Rob Swystun, Pristine Advisers
While the Department of Justice eschews hand holding for companies that conduct their own internal investigations, it does have some best practices guidelines for them to follow.
Illovsky gathered information from speeches made by Criminal Division head Assistant Attorney General Leslie Caldwell to determine what the DOJ considers to be a quality internal investigation by a company.
According to Illovsky, Caldwell said the DOJ uses the Principles of Federal Prosecution of Business Organizations (nicknamed the Filip factors) to decide whether to charge a company. That decision is based partly on “the existence and effectiveness of the corporation’s pre-existing compliance program.
What the DOJ is looking for is whether a company has established corporate governance mechanisms that can effectively detect and prevent misconduct.
Illovsky has identified two key messages that Caldwell has repeatedly delivered about internal investigations by companies:
- companies that over-investigate do so at their own cost and peril; and
- companies’ internal investigations must identify and deliver evidence against individual wrongdoers.

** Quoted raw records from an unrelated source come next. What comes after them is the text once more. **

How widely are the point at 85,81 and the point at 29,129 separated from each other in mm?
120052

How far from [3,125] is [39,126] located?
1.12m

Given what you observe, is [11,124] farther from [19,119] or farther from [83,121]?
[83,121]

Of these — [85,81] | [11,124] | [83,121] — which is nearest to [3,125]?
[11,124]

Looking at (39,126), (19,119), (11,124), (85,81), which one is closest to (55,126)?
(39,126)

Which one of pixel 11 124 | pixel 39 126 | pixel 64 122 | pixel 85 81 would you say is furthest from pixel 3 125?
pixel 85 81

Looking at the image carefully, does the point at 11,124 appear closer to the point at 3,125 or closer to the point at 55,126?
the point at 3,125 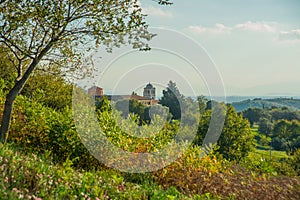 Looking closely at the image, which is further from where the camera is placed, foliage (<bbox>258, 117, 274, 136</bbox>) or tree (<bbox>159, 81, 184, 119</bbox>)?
foliage (<bbox>258, 117, 274, 136</bbox>)

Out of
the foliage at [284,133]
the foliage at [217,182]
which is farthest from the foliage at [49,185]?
the foliage at [284,133]

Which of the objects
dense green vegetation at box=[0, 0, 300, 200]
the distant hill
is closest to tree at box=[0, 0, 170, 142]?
dense green vegetation at box=[0, 0, 300, 200]

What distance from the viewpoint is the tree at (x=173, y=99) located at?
8.08 m

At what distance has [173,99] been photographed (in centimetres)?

The quality of the company’s investigation will determine how effectively the company is deemed to have cooperated with the government in delivering that evidence
Here, then, are seven ways a company can ensure it conducts robust internal investigations.
- Make internal investigations part of the company’s compliance program.
A company will get credit from the DOJ, Illovsky says, if its compliance program is effective. The DOJ considers a compliance program to be effective if it has procedures designed to:
- uncover wrongdoing in the company and
- expose individuals responsible for criminal behavior.
Those procedures are the tools the company uses in its investigation.
- Tailor and Target investigations.
The DOJ places a premium on targeted investigations that are designed to:
- root out relevant facts,
- identify and interview the knowledgeable actors and
- capture and preserve relevant documents and other evidence that explains the pervasiveness of the misconduct.
- Allocate a reasonable amount of resources to investigations.
You may think this means spending big money and taking a lot of time to perform investigations, but Caldwell says the DOJ has seen “needlessly costly and overbroad investigations.”
It is neither necessary nor productive for a company to employ its internal investigators to look “under every rock and pebble,” she says.
Or, if you prefer marine metaphors, Caldwell has also said companies will not garner extra credit with the DOJ if they “aimlessly boil the ocean.” (Although they will get enough seafood to cater the company Christmas party.)
Excessive investigations will only cost companies a lot in fees and delay the government’s investigation and a resolution to the company’s internal crisis.
- Communicate and cooperate.
Companies that cooperate with the government will get additional help to appropriately target investigations. The DOJ will clearly state to a cooperating company its areas of interest and where possible share information to help focus the company’s internal investigation.
Caldwell says she encourages open dialogue between a company’s counsel and DOJ prosecutors about the progress of an internal investigation and this dialogue comes easily to companies committed to demonstrating cooperation.
- Develop your investigative procedures now.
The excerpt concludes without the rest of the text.